Larger data chunks are compressed more effectively so the implemented
option allows specifying data chunk size to compress. Also at some cases
executing more write syscalls with smaller data size can take longer
than executing less write syscalls with bigger data size due to syscall
overhead so extracting bigger data chunks specified by the option value
could additionally decrease runtime overhead.

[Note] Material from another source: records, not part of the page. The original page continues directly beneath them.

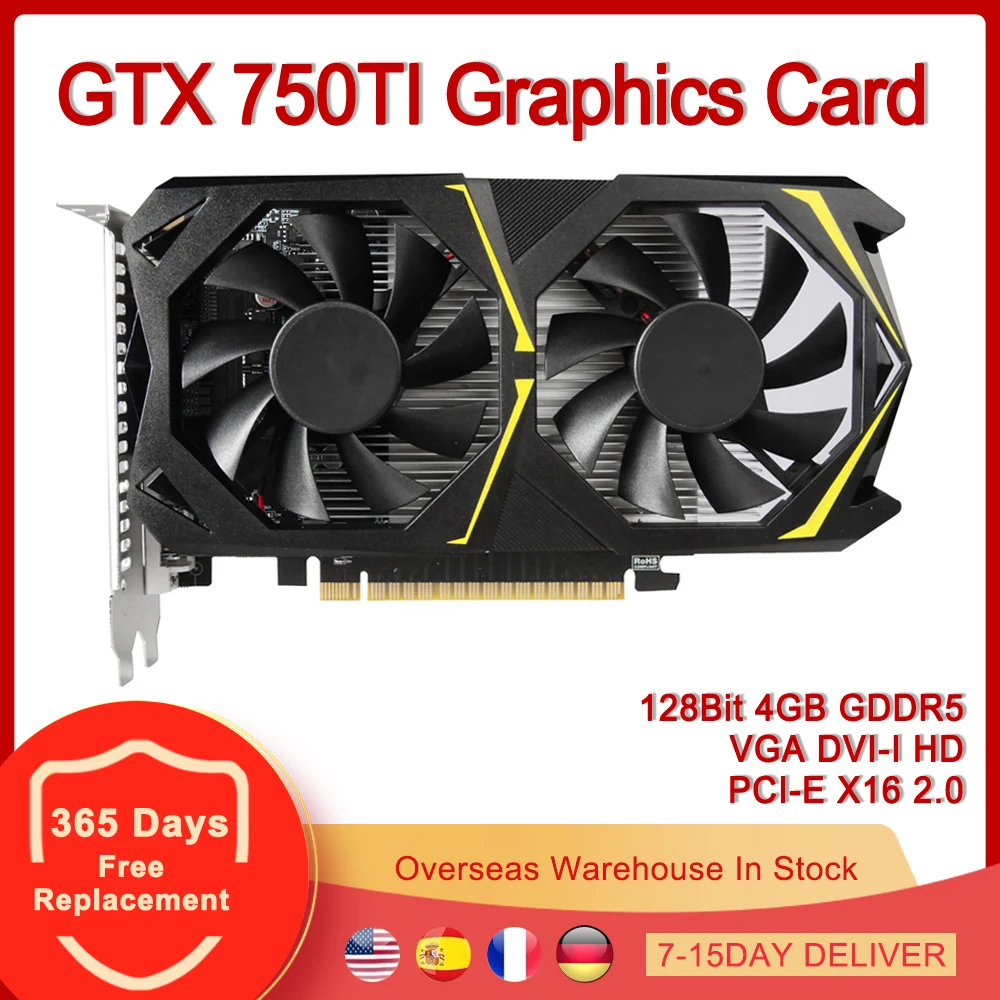 Графическая карта GTX 750TI видеокарта PCI-E X16 2 0 750 бит GDDR5 4 Гб видеокарты HD VGA DVI-I для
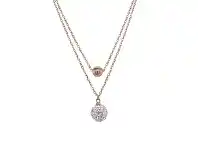 Bevilles Jewellery Rose Stainless Steel Crystal Ball Double Necklace offer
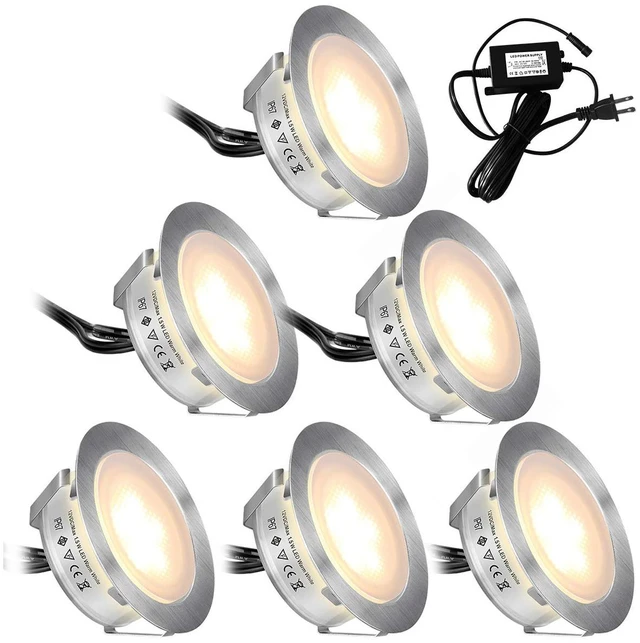 Main image of SMY Lighting Recessed LED Deck Lights Kits 6 Pack, (Upgrade Version) Deck Lighting Waterproof IP67,Low Voltage LED Lights for Garden, Steps,Stair, Living Room, Bathroom, Patio, Pool Deck,Kitchen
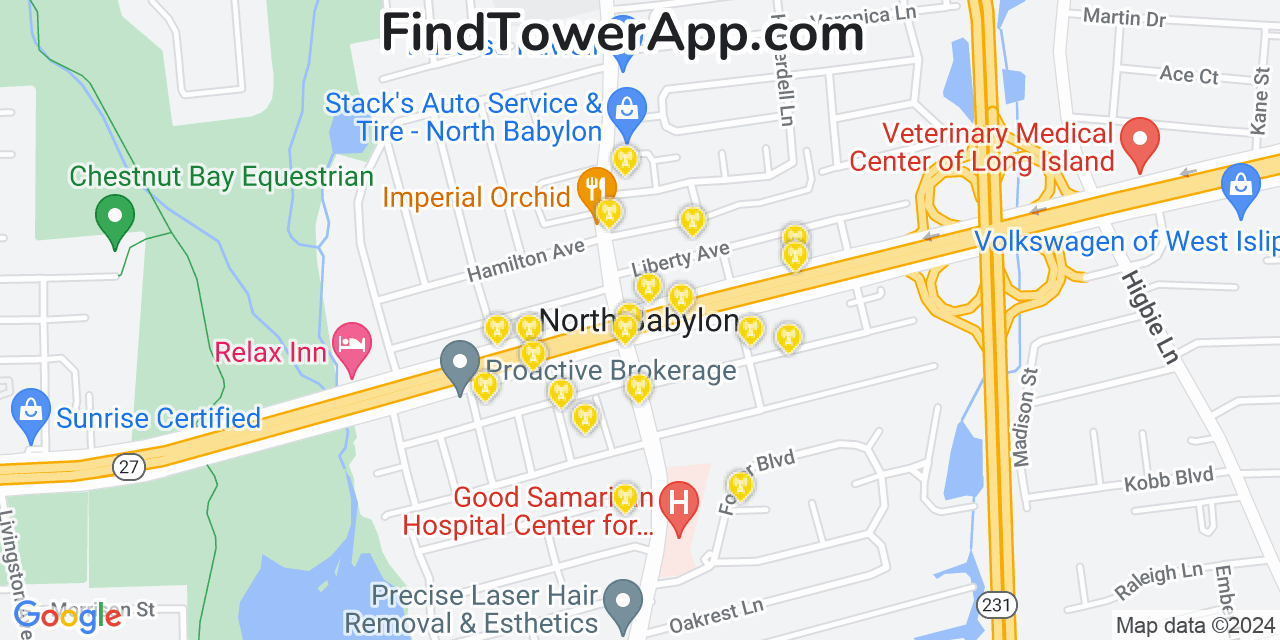 Verizon 4G/5G cell tower coverage map North Babylon, New York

The second purpose is to avoid self monitoring live-lock issue in system
wide (-a) profiling mode. Profiling in system wide mode with compression
(-a -z) can additionally induce data into the kernel buffers along with
the data from monitored processes. If performance data rate and volume
from the monitored processes is high then trace streaming and
compression activity in the tool is also high. High tool process
activity can lead to subtle live-lock effect when compression of single
new byte from some of mmaped kernel buffer leads to generation of the
next single byte at some mmaped buffer. So perf tool process ends up in
endless self monitoring.
Implemented synch parameter is the mean to force data move independently
from the specified flush threshold value. Despite the provided flush
value the tool needs capability to unconditionally drain memory buffers,
at least in the end of the collection.
Committer testing:
Running with the default value, i.e. as soon as there is something to
read go on consuming, we first write the synthesized events, small
chunks of about 128 bytes:
# perf trace -m 2048 --call-graph dwarf -e write -- perf record
<SNIP>
101.142 ( 0.004 ms): perf/25821 write(fd: 3</root/perf.data>, buf: 0x210db60, count: 120) = 120
__libc_write (/usr/lib64/libpthread-2.28.so)
ion (/home/acme/bin/perf)
record__write (inlined)
process_synthesized_event (/home/acme/bin/perf)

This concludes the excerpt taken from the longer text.